It is quite a mix for us. But basically, it is the top end of the market. Being boutique hotels, we charge more than traditional hotels and we attract quite a varied range of clientele, although they are mainly from the corporate world.
What about the MICE (Meetings, Incentives, Conferences, Events) sector of the industry?
We have only recently put together a twelve capacity boardroom, but in terms of conferences, there are bigger hotels with higher capacity to handle the bigger conferences. What we are targeting are board meetings and smaller private meetings.
Do you use any central reservation system?
A central reservation system would normally come from a franchise, however, we get a few of our reservations from Internet booking sites. But most of our direct sales are through our own website.

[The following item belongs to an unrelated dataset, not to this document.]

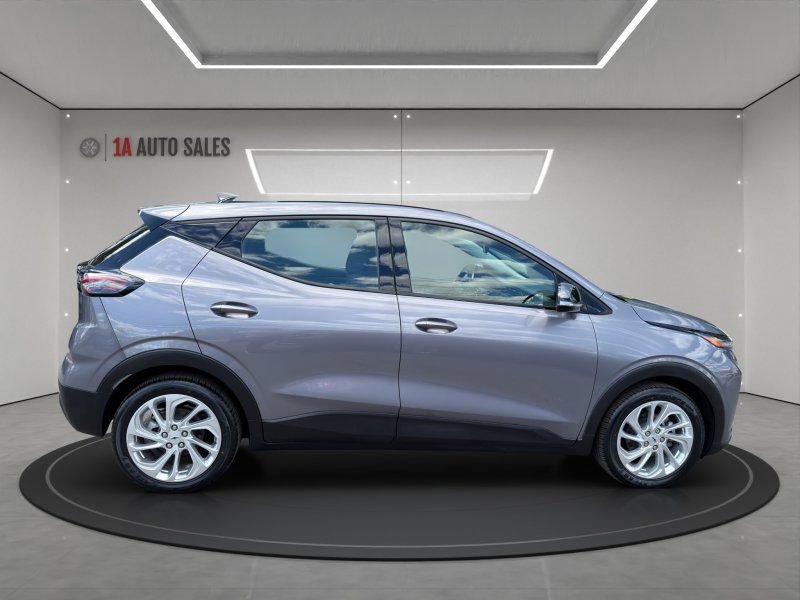 Used 2023 Chevrolet Bolt EUV LT w/ Driver Confidence Package FWD image 6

How do you see the boutique hotel sector in Ghana and Africa as a whole?
If you look at the southern African market, there are a lot of boutique hotel brands, but this is not the case in West Africa. Nevertheless, it is a concept that is catching on fast. If I were to gauge by the short period that I have been in Ghana, I would say that the number of boutique hotels that are coming up highlights a trend. But in the final analysis the focus will be on high business standards and top quality service, the real boutique experience.
In time, consortia like the French Relais & Chateau may come in, but they have strict standards that boutique hotel entrepreneurs will need to adhere to. It is an area that Villa Monticello is currently looking into. To push ourselves onto that platform.
So Villa Monticello could join a consortium in the future?
Yes, but we are at the moment working on promoting our facility, and being a new hotel market concept in the region, a lot of training and development is going into it. I am certain that in a few years' time, we will be ready to join such consortia.